Canadian whisky doesn’t get a lot of love from the craft cocktail community. So when I was given an opportunity to sample Crown Royal Black, I wanted to approach it with an open mind. Unfortunately, it didn’t do much to improve my opinion of the category.
Crown Royal Black is being pitched as a darker, stronger version of Crown Royal. It is aged in charred oak barrels and bottled at 90 proof (45% ABV), compared to 80 proof for the original. The back of the bottle refers to “deep bourbon notes.”
The first thing I noticed is it’s surprisingly dark in color.1 Compared to the other whiskeys in my bar, its color does have more black notes, as opposed to the deep reds I associate with aged liquors. I’m not quite sure how they achieved this color, except to note that Canadian whisky makers are allowed to add caramel and flavorings.

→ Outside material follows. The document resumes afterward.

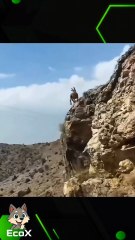 Conocías estás cabras del campo 😱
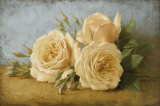 Roses from Ivan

Smelling it, the strongest scents were a caramel sweetness, some wood, and vanilla. Taking a taste, the first thing I noticed was a strong pepper flavor, which lasted quite a long time. There was also a woody flavor. I detected a hint of charcoal, which surprised me – I think of charcoal as a filtering agent, not a flavoring one. They do highlight that it’s aged in charred oak barrels, but I don’t get this sort of burnt flavor from bourbon.
While the taste is reasonably well balanced between sweet and pepper at the front, that tapers off to an unpleasant astringency. Adding water through a single ice cube didn’t help much. It brought the sweetness out even more strongly, but not in a way that balanced the unpleasant flavors. I can’t imagine wanting to sip this straight.
Hoping to enjoy it mixed, I first tried it in a Manhattan. It failed miserably. The charcoal notes I tasted before were highlighted, as well as the astringency.
I searched high and low for a Canadian whisky cocktail to try. I’ve not yet hit on a recipe for the Scofflaw I really enjoy.2 Searching the CocktailDB, I found the Quebec cocktail, which seemed worth a try. I thought the unique combination of additional flavors might balance the whisky out.
1 1/2 ounce Canadian whisky
1/2 ounce dry vermouth
1/4 ounce Amer Picon
1/4 ounce maraschino
Stir over ice until as cold as the St. Lawrence during Carnival and serve up in a cocktail glass
I made it two sips into this cocktail before I gave up on it. Once again, the odd flavor of the Crown Royal Black made a mess of the party. It amplified the funky maraschino flavor in a most unpleasant way.
I can say one positive thing about Crown Royal Black. It is better than Crown Royal. But I say that with bitterness, because I actually purchased a 375 ml bottle of Crown Royal to taste side-by-side.3 Regular Crown Royal tastes predominantly of sugar and astringency to me.
I know there are some very nice Canadian whiskies out there. I look forward to trying them. Sadly, Crown Royal Black is not among them.